Liberté

Liberté

Just before the French Revolution, in a forest outside Berlin, a band of libertines expelled from the court of Louis XVI rendezvous with the legendary German seducer and freethinker, the Duc de Walchen (Helmut Berger), to convince him to join in their mission: the rejection of authority and all moral boundaries. What begins as an evening of strategizing on the proliferation of libertinage, descends into a Sadean night of pansexual one-upmanship.

 

Liberté emerges out of both Serra's two-screen installation, Personalien, (2019, 45') at the Reina Sofia in Madrid, as well as his eponymous 2018 play staged at the Volksbühne Berlin. Its affinity for all these media is immediately clear: taking place on the cusp of the French Revolution in an isolated European forest upon which night rapidly falls, we watch various tableaux of aristocrats and their servants effectively cruising for sexual stimulation or voyeurism in a languorous, story-free procession of isolated actions inside sedan chairs and out in nature.

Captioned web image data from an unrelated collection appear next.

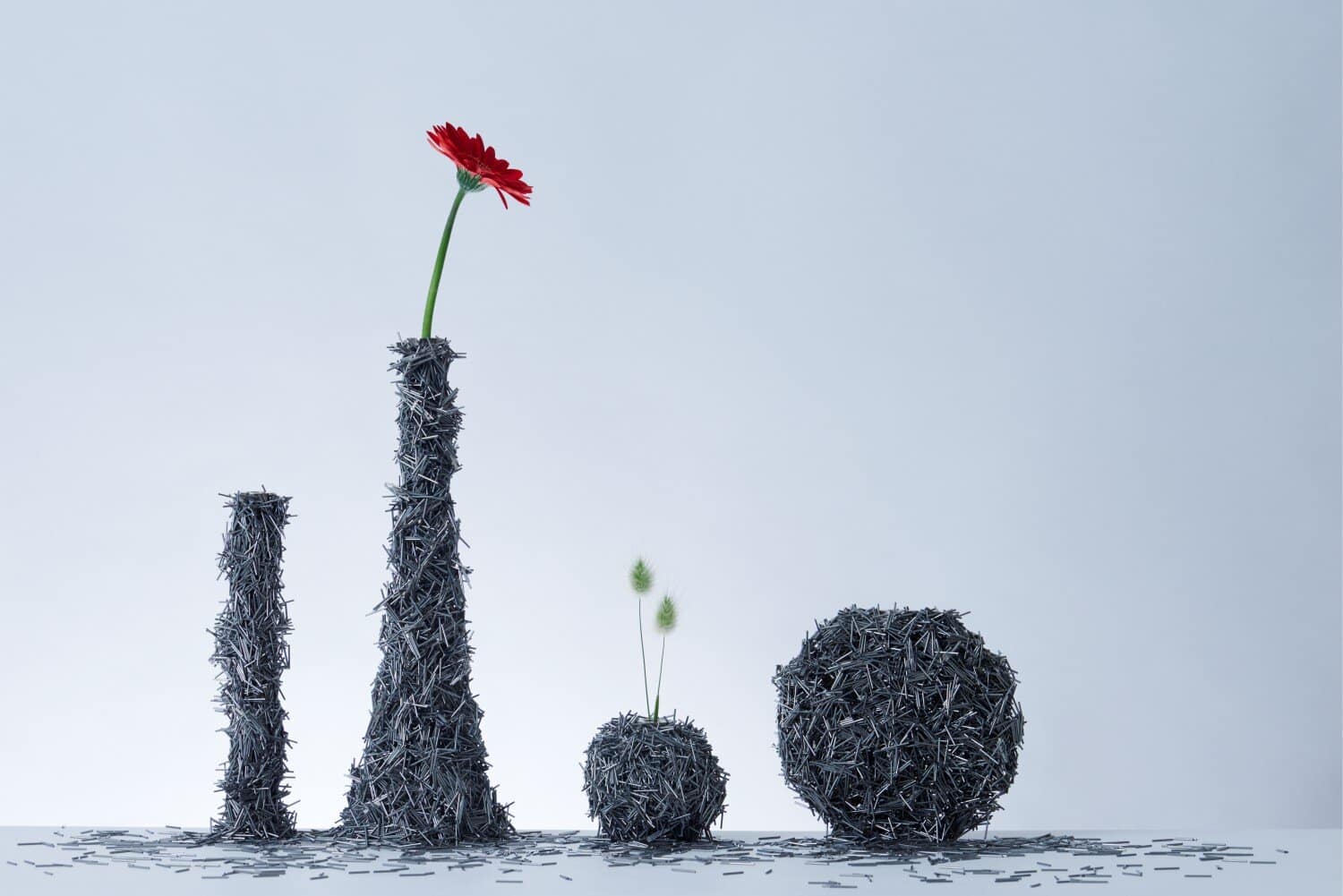 Hand sculpture made of nails holding a red flower and small plants on a plain background.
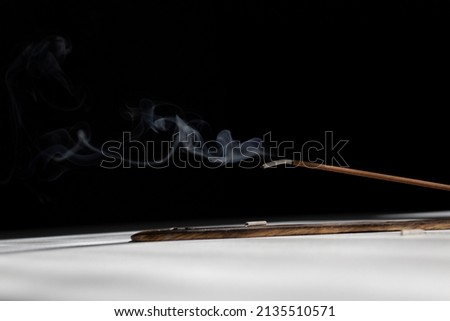 One incense stick on black and white background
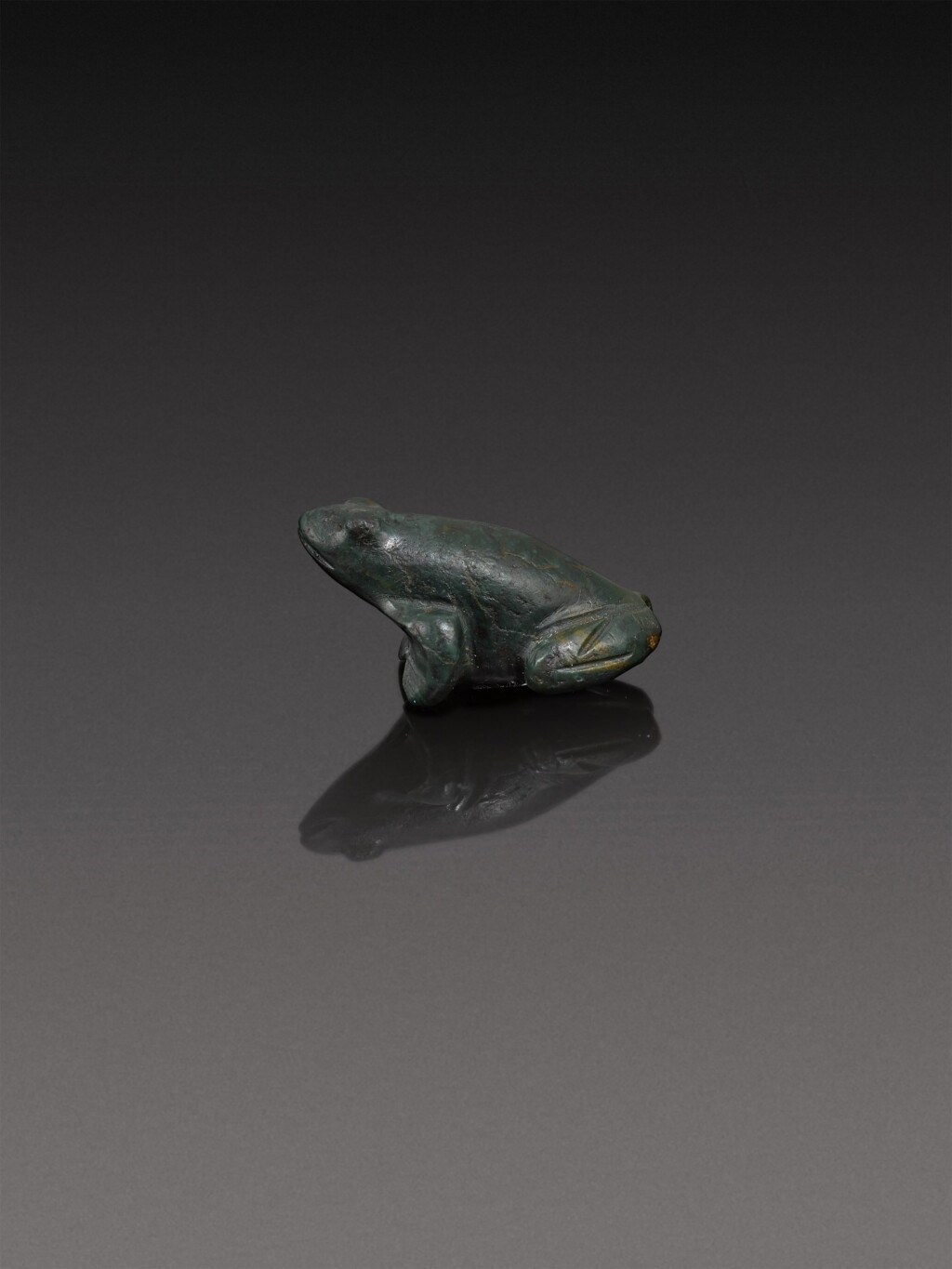 View full screen - View 1 of Lot 147. An Egyptian Stone Figure of a Frog, 26th/30th Dynasty, 664-342 B.C..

While the premise of the film is theoretical and abstract, what follows throughout this chilled out viewing experience is very simple: immersing us in indolent atmosphere of fetid sexuality, evoked through Serra’s typically beautiful and unique quality of digital photography, here mottled in dark shadows and the knubbily textures of foliage and 18th century embroidery. (...) The film’s desolate and self-involved sex practice is clearly evoking Pasolini’s Salò (1975), yet it still skirts greater explicitness.”

Daniel Kasman1

 

“Mixing non-professional performers, theatre actors, and even members of his crew (as well as the great Helmut Berger, terrifically bewigged as the legendary German seducer and non-conformist the Duc de Walchen), Serra adopts a Warholian approach to the Sadean activities, allowing his players to extemporize some of their BDSM. While some of the sex is graphic, the film's focus is on the interplay between exhibitionism and voyeurism, the seen and the unseen, lust and tedium, as cinematographer Artur Tort masterfully captures the carnal proceedings in images that recall the great neoclassical and rococo tableaux of Watteau, Fragonard, and Boucher. Strangely despectacularized, languid, and somewhat sombre in tone, Liberté sees Serra at the height of his powers, boldly enacting his artistic freedom and continuing to make radical and subversive work in an increasingly conservative cultural milieu.”

Andréa Picard2

 

”Serra is, of course, hardly the first filmmaker to take an interest in extremes of darkness, in the seductiveness of deep shadow, in the productive capacity of the inscrutable image, but his use of digital photography’s ability to register the barest traces of activity in the absence of light has allowed him to arrive at the peculiar visual movement which gives form to the narrative situations. (...) No one, I believe, has brought cinema quite so close to painting’s ability to render the proximity of process and inertia, to see moments which will go on happening at least as long as there is an audience. Perhaps longer.”

Phil Coldiron3

 

“With Liberté (a film that works as an affirmation that these libertines are not more than standard bearers of freedom in any way), Serra realizes one of his most plastic and beautiful works, due to a cinematography in matte tones and lightly grained (which reminds us of the work of Noël Véry in the films of Walerian Borowczyk), and in the way that it submits us to explore through shots of perfect compositions.”